By adding resource, capacity, and non-negativity constraints, you have now bounded the problem which increases the reasonableness of the solution.

MATLAB/GAMS Implementation

Data

The battery manufacturer's IT team has sent you the following data files:

  • capacity.csv: capacity of the 5 facilities
  • profitability.csv: profitability of the 4 battery types in millions of dollars
  • resources_consumed.csv: resources required to produce each battery type
  • resources_available.csv: resources available during each time period at each facility (this is a tensor stored as a 2-D CSV and needs to be reshaped on load)

MATLAB

cd ('{Project_Path}\battery_mfr_optimization')
addpath('C:\GAMS\34')

% Define set sizes
Nt = 10;
Nf = 5;
Nb = 4;
Nr = 20;

% Define sets
t.name = 't'; t.type = 'set'; t.val = linspace(1,Nt,Nt)';
f.name = 'f'; f.type = 'set'; f.val = linspace(1,Nf,Nf)';
b.name = 'b'; b.type = 'set'; b.val = linspace(1,Nb,Nb)';
r.name = 'r'; r.type = 'set'; r.val = linspace(1,Nr,Nr)';

% Define parameters
c.name = 'c';
c.type = 'parameter';
c.val = csvread('data_in/capacity.csv');
c.form = 'full';
c.dim = 1;

p.name = 'p';
p.type = 'parameter';
p.val = csvread('data_in/profitability.csv');
p.form = 'full';
p.dim = 1;

M.name = 'M';
M.type = 'parameter';
M.val = csvread('data_in/resources_consumed.csv');
M.form = 'full';
M.dim = 2;

A.name = 'A';
A.type = 'parameter';
A.val = csvread('data_in/resources_available.csv');
A.form = 'full';
A.dim = 2;

% Reshape A into 3-D tensor
[j,h] = size(A.val);
nlay  = 10; % Number of layers that we want
A.val = permute(reshape(A.val',[h,j/nlay,nlay]),[2,1,3]);
A.dim = 3;

% Generate outputs for and call GAMS
wgdx ('battery_opt_inputs', t,f,b,r,c,p,M,A)

GAMS

SET     t;
SET     f;
SET     b;
SET     r;

PARAMETERS
        c(f)        capacity of facility f
        p(b)        profitability of one unit of battery b
        M(r,b)      resource r needed to produce one unit of battery b
        A(f,r,t)    availability of resource r in time t at facility f
        
$gdxin	battery_opt_inputs
$load t, f, b, r, c, p, M, A
$gdxin

VARIABLES
        X(f,b,t)          amount of batteries produced by facility f in period t
        z                 total profit

POSITIVE VARIABLE X;

EQUATIONS
        objective          revenue function
        resc               resource constraint
        capc               capacity constraint
        ;

objective..     z =e= sum((t,f,b), p(b)*X(f,b,t));
resc(f,r,t)..   sum(b, M(r,b)*X(f,b,t)) =l= A(f,r,t);
capc(f,t)..     sum(b, X(f,b,t)) =l= c(f);

MODEL gams_lp /all/ ;

SOLVE gams_lp using lp maximizing z;

execute_unload 'gams_lp_outputs';

Results

Iteration log . . .
Iteration:     1   Scaled dual infeas =           195.249997
Iteration:    45   Dual objective     =          1735.608796
LP status(1): optimal
Cplex Time: 0.03sec (det. 2.80 ticks)

Optimal solution found.
Objective :         965.753018

You achieve a maximum solution of $965M (shown as 965.753018).

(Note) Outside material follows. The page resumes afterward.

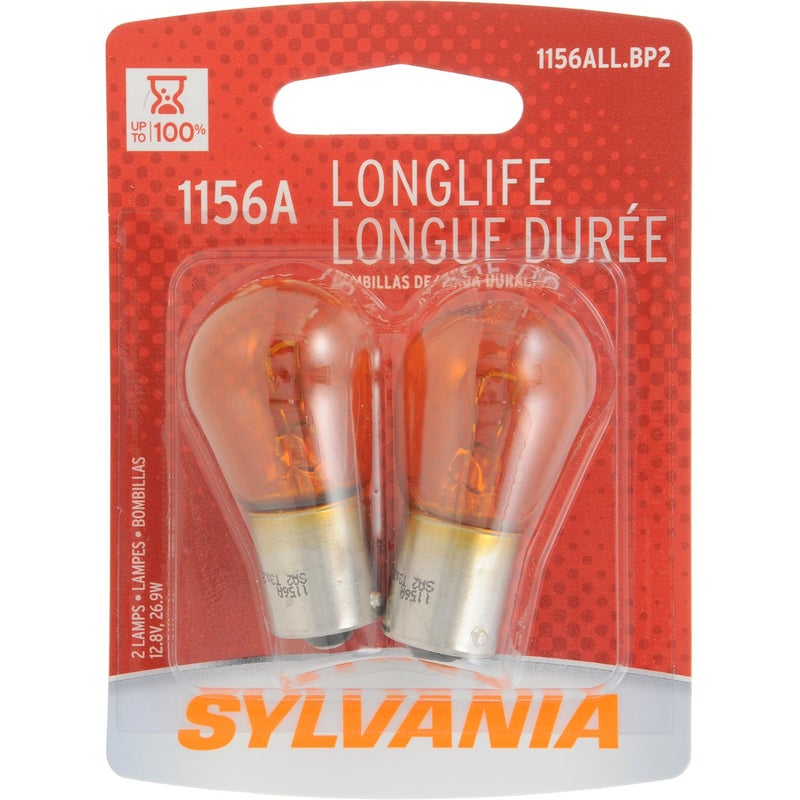 OSRAM SYLVANIA 1156A Long Life Miniature Bulb Contains 2 Bulbs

While this is great news, it gives your client pause. Your client is hesitant because they are incapable of producing fractions of a product - a problem many manufacturers face. An optimist and cunning optimizer, you realize you have a method to solve the problem and restrict the solution to prevent fractional batteries.


Example 2: Optimizing with Integer Constraints

Problem Context

In many contexts, you can’t produce a fraction of a product and that applies to batteries as well. With GAMS, you can implement mixed integer programming (MIP) to impose integer constraints on our decision variables - the number of batteries to produce at each facility. Fortunately, many mixed integer programs can be expressed as linear programs with one minor modification.

Formulation

In addition to the linear program formulated above, you need to add one constraint to force solution values to be integer (instead of real).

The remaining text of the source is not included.